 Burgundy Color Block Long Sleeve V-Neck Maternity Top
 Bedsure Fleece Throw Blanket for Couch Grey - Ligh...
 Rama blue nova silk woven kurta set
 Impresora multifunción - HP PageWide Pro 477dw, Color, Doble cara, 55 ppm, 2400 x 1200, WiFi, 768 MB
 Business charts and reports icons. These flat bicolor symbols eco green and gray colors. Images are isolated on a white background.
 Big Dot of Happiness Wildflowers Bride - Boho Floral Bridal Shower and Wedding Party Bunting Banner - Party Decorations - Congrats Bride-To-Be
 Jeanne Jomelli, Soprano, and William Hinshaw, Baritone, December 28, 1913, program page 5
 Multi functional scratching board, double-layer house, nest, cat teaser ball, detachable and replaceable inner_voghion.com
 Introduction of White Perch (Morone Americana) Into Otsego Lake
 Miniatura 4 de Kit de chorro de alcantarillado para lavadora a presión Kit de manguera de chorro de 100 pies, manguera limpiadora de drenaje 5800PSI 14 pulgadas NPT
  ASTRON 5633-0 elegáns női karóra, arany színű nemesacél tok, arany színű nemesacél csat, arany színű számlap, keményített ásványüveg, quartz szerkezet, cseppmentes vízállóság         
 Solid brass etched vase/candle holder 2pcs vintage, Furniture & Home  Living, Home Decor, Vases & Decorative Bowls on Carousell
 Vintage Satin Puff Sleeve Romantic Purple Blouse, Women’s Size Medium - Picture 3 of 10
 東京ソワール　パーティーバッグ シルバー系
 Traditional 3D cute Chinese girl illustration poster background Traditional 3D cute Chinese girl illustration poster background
________________________________________
Reproduce exactly the lines from the one with "Introduction of White" through the last line of the entries, keeping both of those lines and nothing else.

 Introduction of White Perch (Morone Americana) Into Otsego Lake
 Miniatura 4 de Kit de chorro de alcantarillado para lavadora a presión Kit de manguera de chorro de 100 pies, manguera limpiadora de drenaje 5800PSI 14 pulgadas NPT
  ASTRON 5633-0 elegáns női karóra, arany színű nemesacél tok, arany színű nemesacél csat, arany színű számlap, keményített ásványüveg, quartz szerkezet, cseppmentes vízállóság         
 Solid brass etched vase/candle holder 2pcs vintage, Furniture & Home  Living, Home Decor, Vases & Decorative Bowls on Carousell
 Vintage Satin Puff Sleeve Romantic Purple Blouse, Women’s Size Medium - Picture 3 of 10
 東京ソワール　パーティーバッグ シルバー系
 Traditional 3D cute Chinese girl illustration poster background Traditional 3D cute Chinese girl illustration poster background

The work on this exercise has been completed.